Around here, you wouldn't have any choice but to pay child support, regardless of whether you get access to your child or not. Two totally separate issues, and it's not fair to punish the child for the decisions of an adult. Kinda sucks, but that's the way it works.

Pursue the access separately, and try to get your rights re-instated. If she continues, maybe you'd have grounds to get primary custody, and she'd be the on trying to get access.

I do wonder, though... What would her story be?

C
_Posted via Mobile Device_


----------



## mrnice (Aug 11, 2009)

PBear said:


> Around here, you wouldn't have any choice but to pay child support, regardless of whether you get access to your child or not. Two totally separate issues, and it's not fair to punish the child for the decisions of an adult. Kinda sucks, but that's the way it works.
> 
> Pursue the access separately, and try to get your rights re-instated. If she continues, maybe you'd have grounds to get primary custody, and she'd be the on trying to get access.
> 
> ...


Paying child support isn't an issue, this is paid all the time as per the law here. 
It's when the ex sends a message and writes
'Your son wants to play xxx sport, he wants you to buy him all his gear'

I have a Hearing for Custody in december, wahoooo.
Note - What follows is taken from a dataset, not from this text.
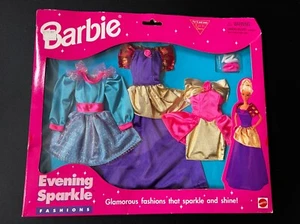 1995 Vintage Barbie Mattel Evening Sparkle Fashions Set - Picture 1 of 3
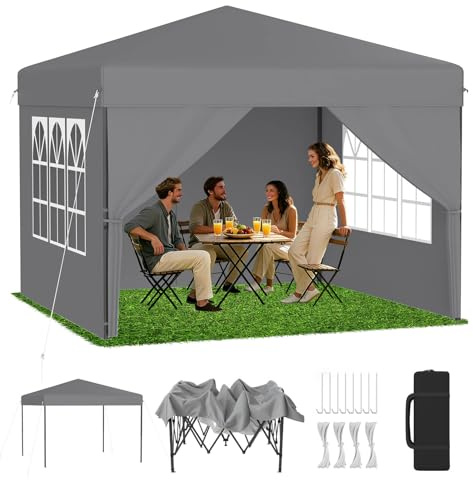 LZQ Premium pop-up paviljong 2,5 x 2,5 m med en knapptryckning, hopfällbar paviljong, trädgårdspaviljong, festtält, vikbart med 3-vägs höjdjustering 240–260 cm, fälltält med sidoväggar och bärväska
Can't wait to see what her argument is going to be...


----------



## fool for love (Sep 20, 2011)

My WS left on 9/26, he moved 6 hours away and only saw the twins once on Halloween for 2 1/2 hours while he came back to get the rest of his things. He started a job mid november, and as of today has paid nothing in support, childcare, etc. He owes me over $2500.00 so far. Yet this is the first weekend he has $ to drive down and see the kids and (yes stupid me) will let him stay here with them for the weekend. 

See it's not about the money, its about the kids happiness. My biggest disappointment even bigger then the affair was that he moved 6 hours away from his little girls. 

I wish you luck, just know one day your son will know the truth, trust me he will!


----------